The consortium, entitled PROPHECY (Profiling immune RespOnse in Paediatric and High-risk populations to SARS-CoV-2), is led by a diverse team of Melbourne-based scientists and clinician researchers.

Funded over four years, the consortium will characterise the immune response to SARS-CoV-2 variants and COVID-19 vaccines in children, adolescents, adults and vulnerable populations who are at risk of severe disease.

Burnet’s Co-Program Director of Disease Elimination, Professor Heidi Drummer, is part of the PROPHECY Executive team.

“I am really delighted to be a part of this multi-institutional consortium to examine how some of our most vulnerable members of the community, those with underlying immune deficiencies and paediatric populations, develop immune responses to COVID-19 vaccines and infection with SARS-CoV-2,” she said

“The results of our study will help us understand who is at risk of severe disease and optimise vaccination strategies.”

PROPHECY will evaluate antibodies and cellular immune responses after infection or vaccination in children and adults with underlying health conditions including chronic kidney disease, lung disease, immune deficiencies, immunosuppressive treatments, and stem and solid organ transplant recipients.

“This study will comprehensively profile the immune responses to infection and COVID-19 vaccines in these patient groups,” Dr Gabriela Khoury, from the Monash Biomedicine Discovery Institute, said.

A unique component of the MRFF-funded project is the breadth of clinical specialties coming together to support the research, according to Executive team member, Associate Professor Benjamin Rogers from Monash University and Monash Health.

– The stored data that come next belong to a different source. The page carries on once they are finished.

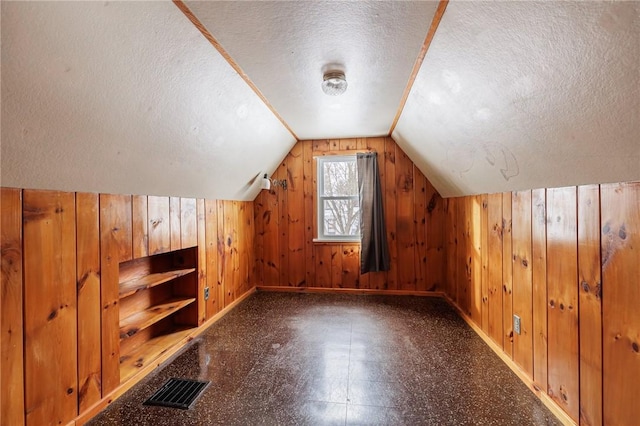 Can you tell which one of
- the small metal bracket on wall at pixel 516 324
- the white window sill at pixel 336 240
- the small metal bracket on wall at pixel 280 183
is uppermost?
the small metal bracket on wall at pixel 280 183

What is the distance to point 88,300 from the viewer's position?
1590 millimetres

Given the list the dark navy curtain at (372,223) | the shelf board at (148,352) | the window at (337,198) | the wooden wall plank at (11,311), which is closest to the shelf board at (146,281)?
the shelf board at (148,352)

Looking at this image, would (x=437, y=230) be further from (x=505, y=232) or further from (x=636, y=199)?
(x=636, y=199)

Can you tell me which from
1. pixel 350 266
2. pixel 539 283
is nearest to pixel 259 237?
pixel 350 266

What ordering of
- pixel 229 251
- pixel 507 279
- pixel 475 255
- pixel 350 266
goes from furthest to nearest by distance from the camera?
pixel 350 266 < pixel 229 251 < pixel 475 255 < pixel 507 279

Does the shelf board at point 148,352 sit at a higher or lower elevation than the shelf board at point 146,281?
lower

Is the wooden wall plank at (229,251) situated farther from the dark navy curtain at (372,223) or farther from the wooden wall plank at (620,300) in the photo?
the wooden wall plank at (620,300)

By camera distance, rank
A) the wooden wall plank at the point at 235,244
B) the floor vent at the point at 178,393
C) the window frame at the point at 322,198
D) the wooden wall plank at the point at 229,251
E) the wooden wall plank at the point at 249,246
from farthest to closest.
Result: 1. the window frame at the point at 322,198
2. the wooden wall plank at the point at 249,246
3. the wooden wall plank at the point at 235,244
4. the wooden wall plank at the point at 229,251
5. the floor vent at the point at 178,393

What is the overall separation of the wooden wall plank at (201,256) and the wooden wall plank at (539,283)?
8.52 ft

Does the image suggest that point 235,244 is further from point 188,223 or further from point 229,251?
point 188,223

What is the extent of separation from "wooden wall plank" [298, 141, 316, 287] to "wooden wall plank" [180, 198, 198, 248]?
1507 millimetres

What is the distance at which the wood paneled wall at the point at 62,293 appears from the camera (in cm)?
123

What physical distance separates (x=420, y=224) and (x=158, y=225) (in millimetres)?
2850

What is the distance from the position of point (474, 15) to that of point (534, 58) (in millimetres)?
286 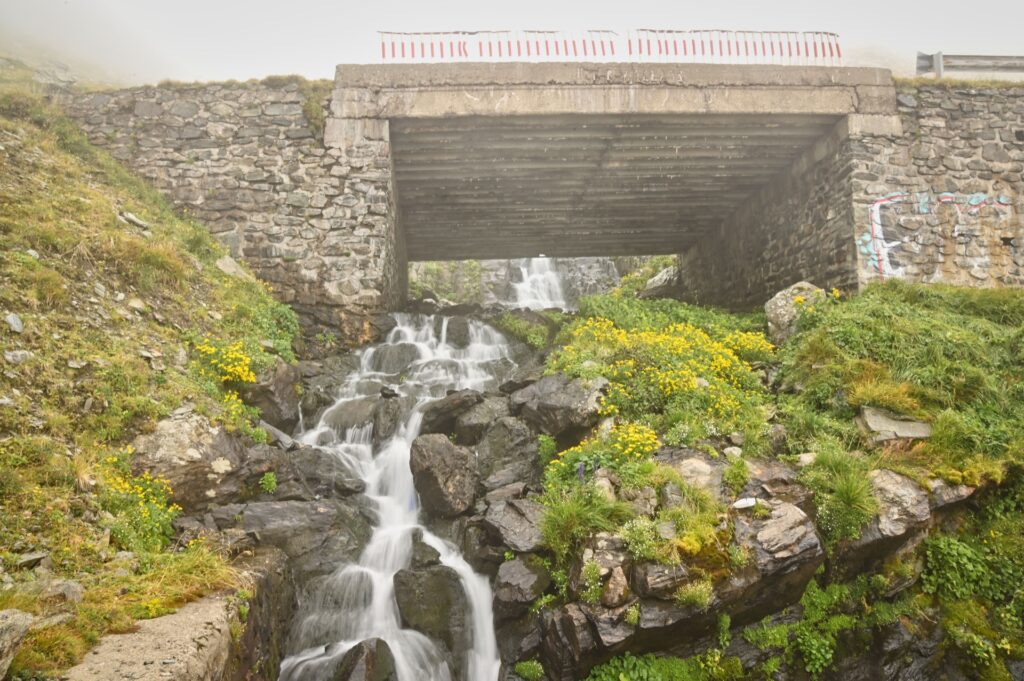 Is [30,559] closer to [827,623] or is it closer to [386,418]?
[386,418]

“Previous research has often focused on a single speciality or condition,” Associate Professor Rogers said.

“With PROPHECY we will learn how to better protect and treat COVID-19 in patients with weakened immune systems from a range of different conditions.”

And the researchers hope the findings will inform future clinical care for the disease.

“Through this study, we hope to guide the future development of improved vaccination and treatment strategies for those most at risk of severe COVID-19,” Professor Drummer said.

The study includes 15 Chief Investigators spanning the Alfred Research Alliance precinct, including the Monash Central Clinical School, Burnet Institute, and Alfred Health, as well as the Monash Biomedical Discovery Institute in Clayton, Monash Health, and the Murdoch Children’s Research Institute and Royal Children’s Hospital in Parkville.

The PROPHECY Executive team will also work alongside consumer patient organisations such as AusPIPS, NAPWHA, MSK and Crohn’s and Colitis Australia, and Victorian Government’s Safer Care Victoria, to ensure patients’ voices are considered in the project.

The MRFF grant was one of 14 announced by Federal Health Minster, the Hon Mark Butler.